The trouble is that Microsoft’s Outlook has come to dominate the e-mail application market, and the
serious competitors have gradually fallen away. Outlook enjoys a near monopoly status — with prices to match. Mozilla Thunderbird has won the hearts of some as a viable alternative, but Thunderbird is essentially an inbox tool, lacking some of the essential functions found in Outlook. A new alternative, though, has emerged: Synovel Technologies’ Spicebird is an open-source Outlook competitor, offering full-featured e-mail functions, a built-in news reader, contact management, calendaring, and task management. It’s free, full-featured and worth a look.
TABBED INTERFACE
Spicebird’s tabbed interface borrows from the tabbed layout of most browsers today — and will therefore be immediately familiar to those who have become accustomed to switching from one area of an application to another using tabs along the top of the content area.
Instead of switching from one Web page to another with tabs, however, Spicebird’s tabs are used to move from the e-mail component to contacts, calendar, tasks, and the home page, which is entirely configurable, with items such as news from the Web, RSS feeds, world clocks, and calendar items all able to be displayed.
Keyboard mavens can even use the same keyboard shortcut — Ctrl-Tab — to move from one tab to another in Spicebird as they can from one tab to another in a Web browser. And keyboard lovers will be enthused, too, at how much of the functionality built in to Spicebird can be tapped without ever touching the mouse.

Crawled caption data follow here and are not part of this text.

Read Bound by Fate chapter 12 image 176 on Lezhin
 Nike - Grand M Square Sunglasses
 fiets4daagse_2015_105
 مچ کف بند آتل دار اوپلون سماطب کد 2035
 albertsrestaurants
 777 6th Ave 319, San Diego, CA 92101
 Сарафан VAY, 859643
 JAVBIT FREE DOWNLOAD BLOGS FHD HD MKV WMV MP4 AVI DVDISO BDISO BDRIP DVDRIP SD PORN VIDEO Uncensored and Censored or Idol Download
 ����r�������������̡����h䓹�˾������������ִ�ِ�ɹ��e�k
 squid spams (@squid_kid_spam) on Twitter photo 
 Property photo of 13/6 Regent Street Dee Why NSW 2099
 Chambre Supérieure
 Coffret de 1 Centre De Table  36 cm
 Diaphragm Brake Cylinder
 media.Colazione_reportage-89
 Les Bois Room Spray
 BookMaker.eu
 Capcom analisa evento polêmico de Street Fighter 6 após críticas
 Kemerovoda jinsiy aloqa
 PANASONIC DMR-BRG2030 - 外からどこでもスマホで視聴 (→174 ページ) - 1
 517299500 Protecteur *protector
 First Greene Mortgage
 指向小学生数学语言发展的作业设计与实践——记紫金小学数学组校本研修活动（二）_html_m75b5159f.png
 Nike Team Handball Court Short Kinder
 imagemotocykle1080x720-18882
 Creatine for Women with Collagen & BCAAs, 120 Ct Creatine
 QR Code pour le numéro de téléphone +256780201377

The interface in general is highly configurable. It can be loaded up with colorful icons or stripped of button bars, status bars, and side bars altogether to provide a no-nonsense workspace for sending and reading mail and working with daily schedules and contacts.
SETTING UP SPICEBIRD
Spicebird is simple to set up, whether you want to use it as a replacement for your current e-mail program or on a trial basis to figure out whether it’s worth the effort.
During the installation process, you’re given the choice of whether to import your existing mail from the major e-mail programs in use today — Outlook, Outlook Express, Eudora, and even Gmail. The latter option is particularly interesting in that Spicebird gives you a way to access your Gmail in a conventional e-mail program with no configuration other than supplying your Gmail user name and password.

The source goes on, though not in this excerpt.